[YOUR OBJECTIVE] Out of the material that follows, write out exactly the lines from the line with "のマンスリーマンション・ウィ" to the line with "Building Photo - 22881 Hilton Head Dr", both ends included, and no others.

[DATA TO EXAMINE]
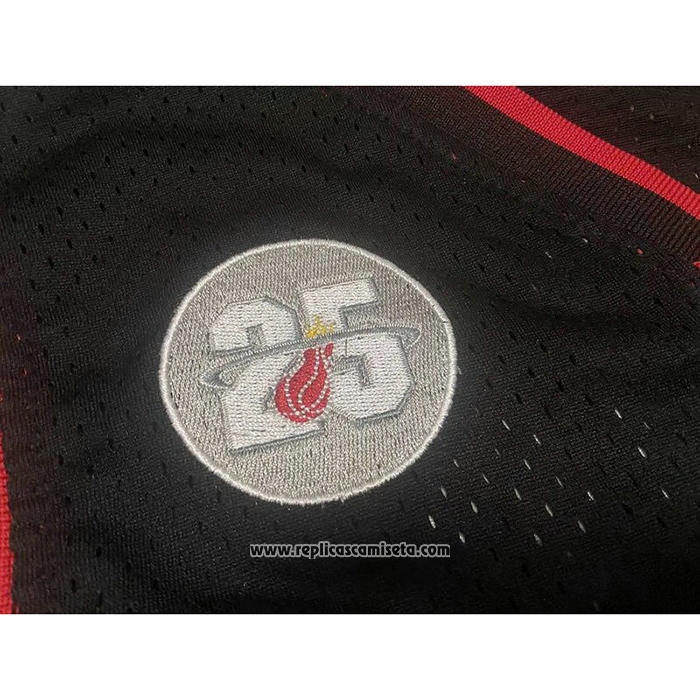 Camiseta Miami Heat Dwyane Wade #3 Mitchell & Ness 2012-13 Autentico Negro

==

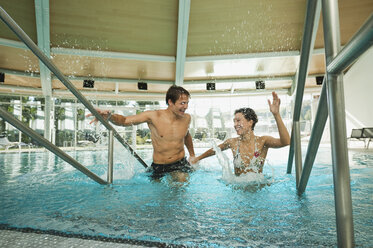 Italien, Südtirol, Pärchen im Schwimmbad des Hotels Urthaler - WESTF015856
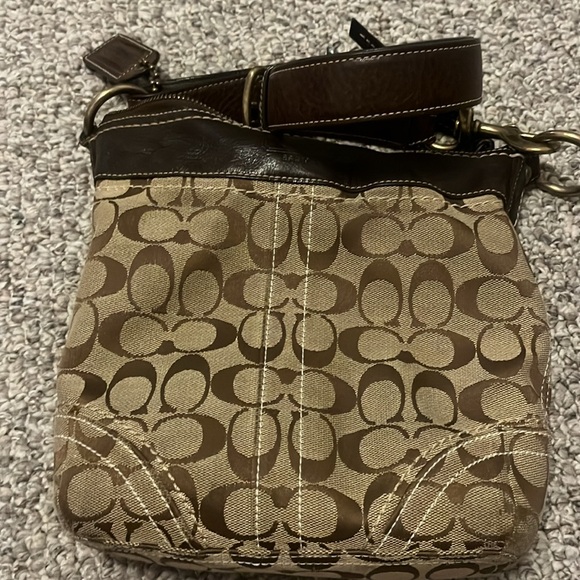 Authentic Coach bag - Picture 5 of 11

==

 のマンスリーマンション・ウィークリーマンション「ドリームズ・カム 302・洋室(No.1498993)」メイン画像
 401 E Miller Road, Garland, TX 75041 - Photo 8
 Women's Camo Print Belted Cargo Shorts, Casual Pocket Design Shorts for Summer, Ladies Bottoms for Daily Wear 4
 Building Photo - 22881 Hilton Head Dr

[SOLUTION TO THIS EXERCISE]
 のマンスリーマンション・ウィークリーマンション「ドリームズ・カム 302・洋室(No.1498993)」メイン画像
 401 E Miller Road, Garland, TX 75041 - Photo 8
 Women's Camo Print Belted Cargo Shorts, Casual Pocket Design Shorts for Summer, Ladies Bottoms for Daily Wear 4
 Building Photo - 22881 Hilton Head Dr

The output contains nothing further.